_What you should do_
Give the data again exactly as it appears, excluding any pictures.

(Items from a data source)
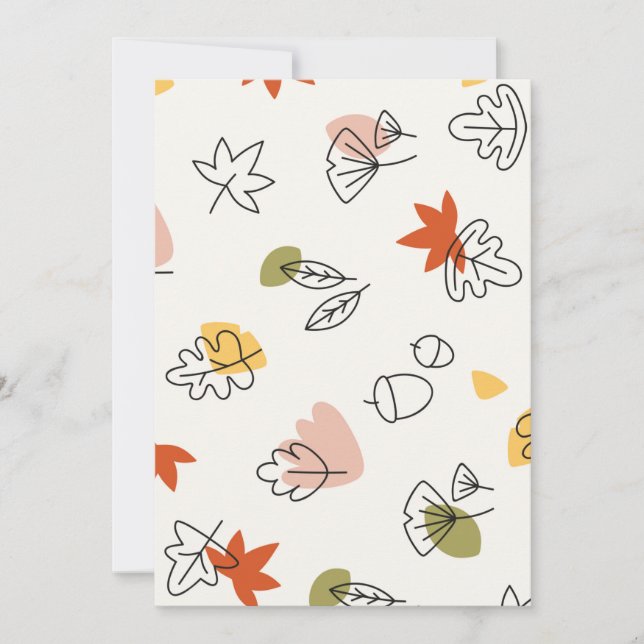 Carte postale Invitation 5" x 7" (Devant)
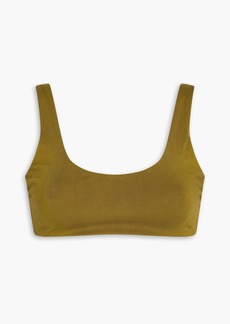 Mara Hoffman - Lira stretch-TENCEL™ bikini top - Green - XS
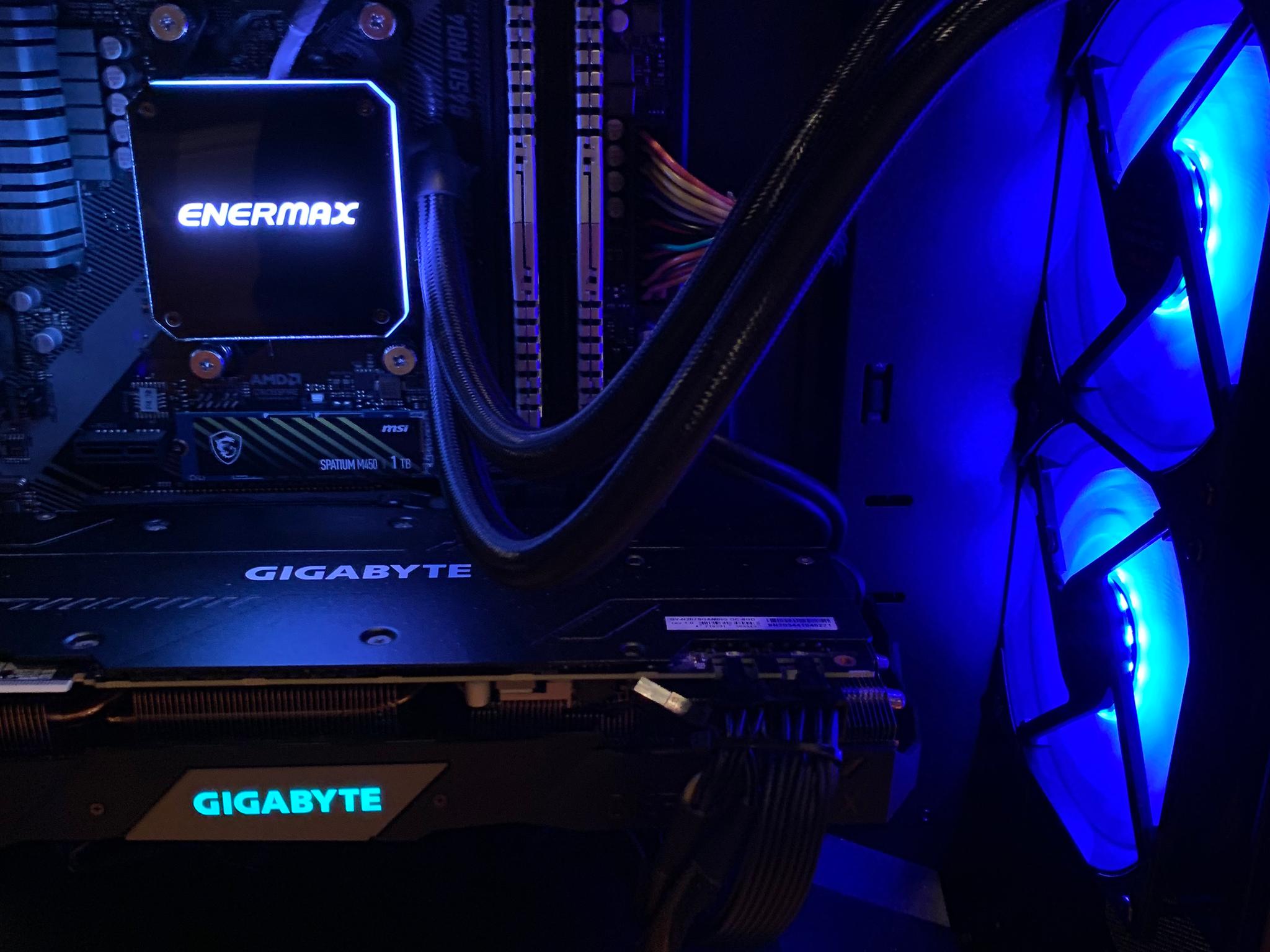 5600X RTX 2070 SUPER WATERCOOLED 4K GAMING/STREAMING/EDITING PC 1000GB STORAGE 32GB RAM WINDOWS 10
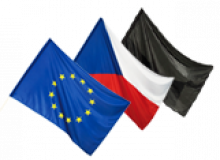 Sada vlajek ČR, EU, smuteční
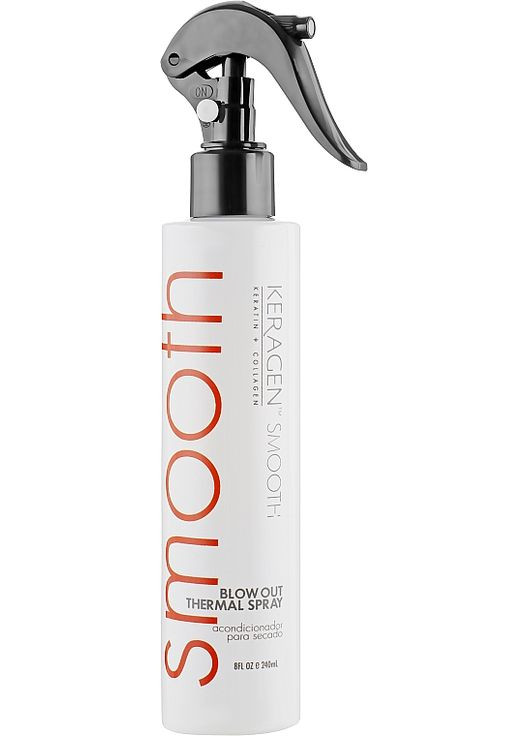 Незмивний спрей-кондиціонер для волосся "Експрес кератин" Smooth Blow Out Thermal Spray 240ml (172121-88677) Organic Keragen (368650110)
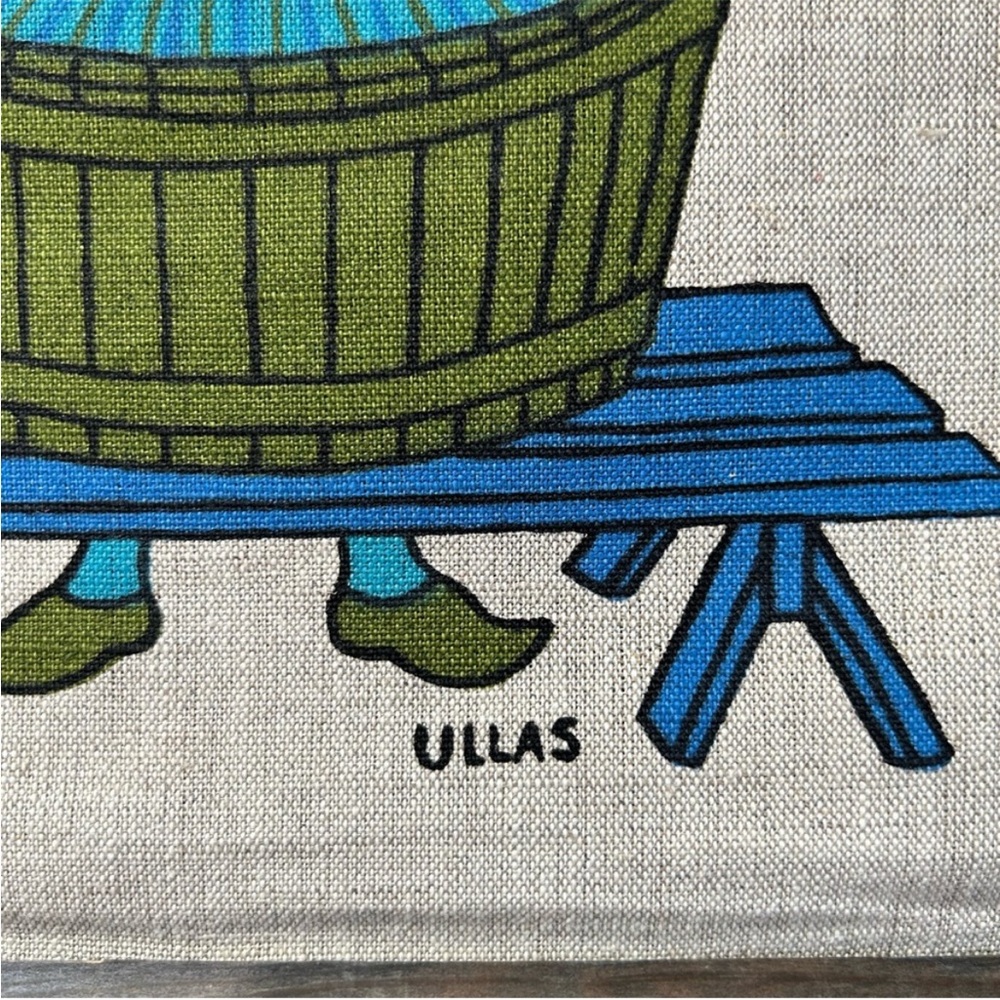 Vintage Mid-Century Swedish Scandinavian Folk Art Textile Wall Hanging by Ullas - Picture 8 of 8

_Solution for this exercise_
 Carte postale Invitation 5" x 7" (Devant)
 Mara Hoffman - Lira stretch-TENCEL™ bikini top - Green - XS
 5600X RTX 2070 SUPER WATERCOOLED 4K GAMING/STREAMING/EDITING PC 1000GB STORAGE 32GB RAM WINDOWS 10
 Sada vlajek ČR, EU, smuteční
 Незмивний спрей-кондиціонер для волосся "Експрес кератин" Smooth Blow Out Thermal Spray 240ml (172121-88677) Organic Keragen (368650110)
 Vintage Mid-Century Swedish Scandinavian Folk Art Textile Wall Hanging by Ullas - Picture 8 of 8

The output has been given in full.